Stored items from a collection

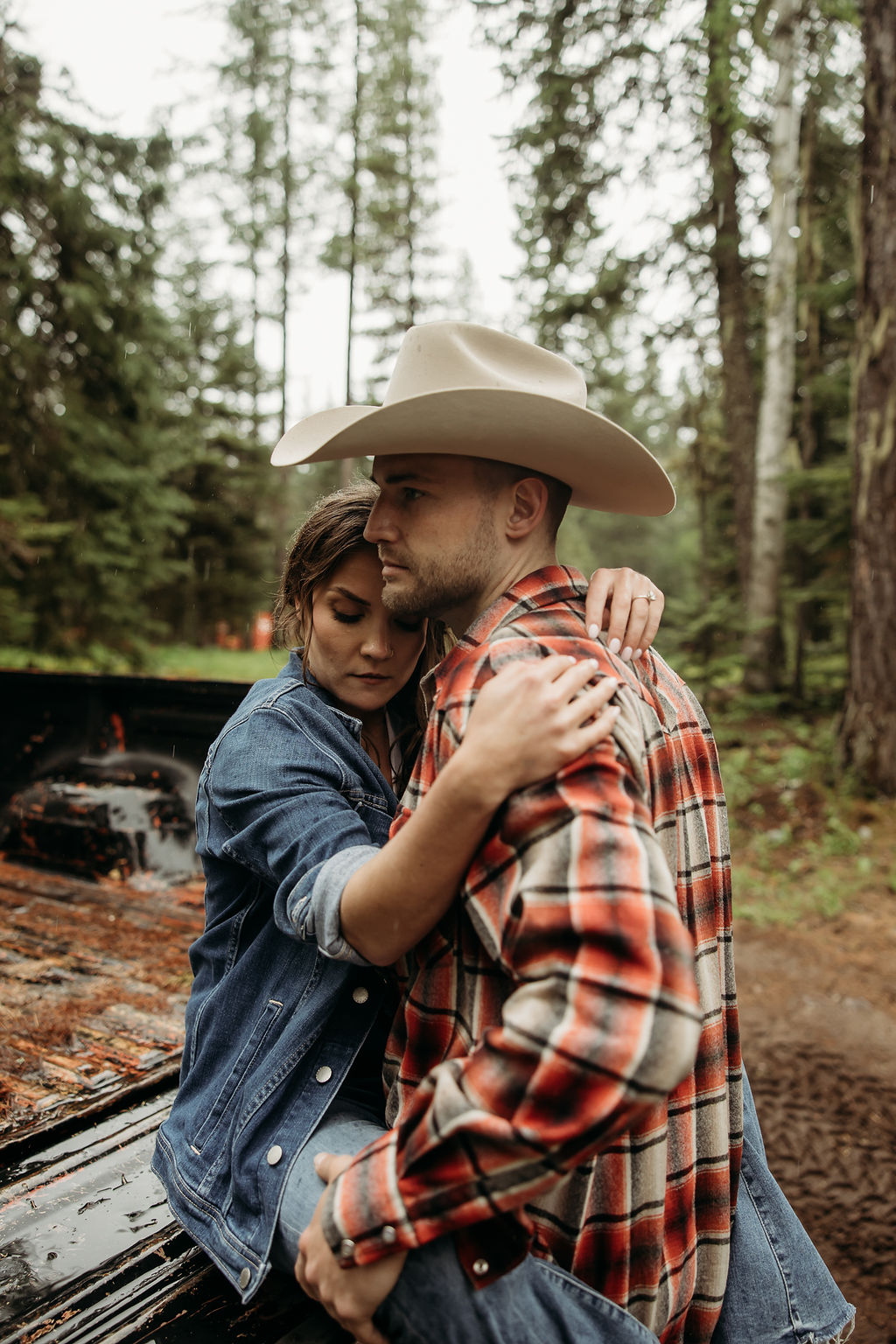 A couple sits close together inside an old, black truck parked in a forested area.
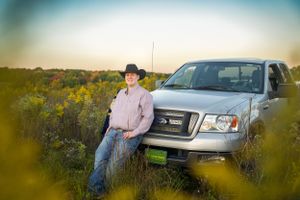 Rustic portrait beside pickup truck in wildflower field at dusk.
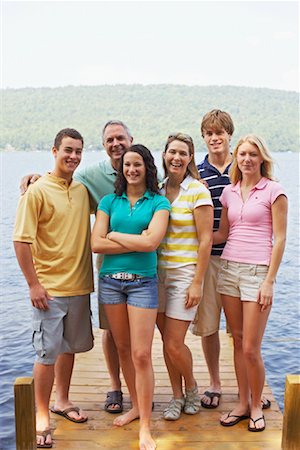 Family Standing on Dock, Belgrade Lakes, Maine, USA Stock Photo - Premium Royalty-Free, Code: 600-01236640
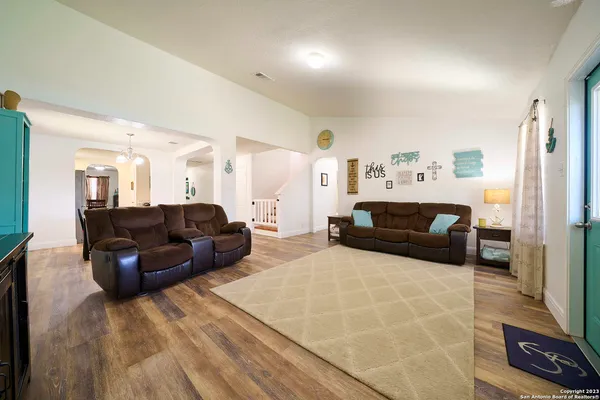 a living room with furniture and a couch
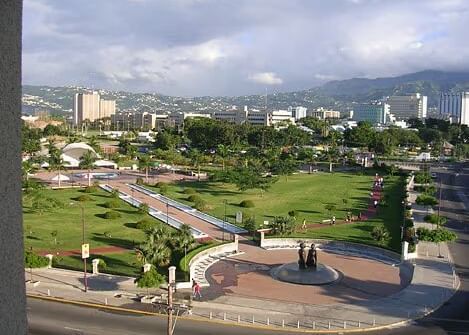 An aerial view shows a lush green park area with roads and buildings in the background under a cloudy sky.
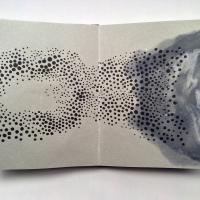 This untitled artist book shows a swarm of black dots of various sizes interacting with blue-grey pulp paintings that look both like clouds or tusche washes. The slightly grey paper provides a warm more enticing composition.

## TASK ITEM
Retype all the records exactly and keep out every picture.

## SOLVED PROBLEM
 A couple sits close together inside an old, black truck parked in a forested area.
 Rustic portrait beside pickup truck in wildflower field at dusk.
 Family Standing on Dock, Belgrade Lakes, Maine, USA Stock Photo - Premium Royalty-Free, Code: 600-01236640
 a living room with furniture and a couch
 An aerial view shows a lush green park area with roads and buildings in the background under a cloudy sky.
 This untitled artist book shows a swarm of black dots of various sizes interacting with blue-grey pulp paintings that look both like clouds or tusche washes. The slightly grey paper provides a warm more enticing composition.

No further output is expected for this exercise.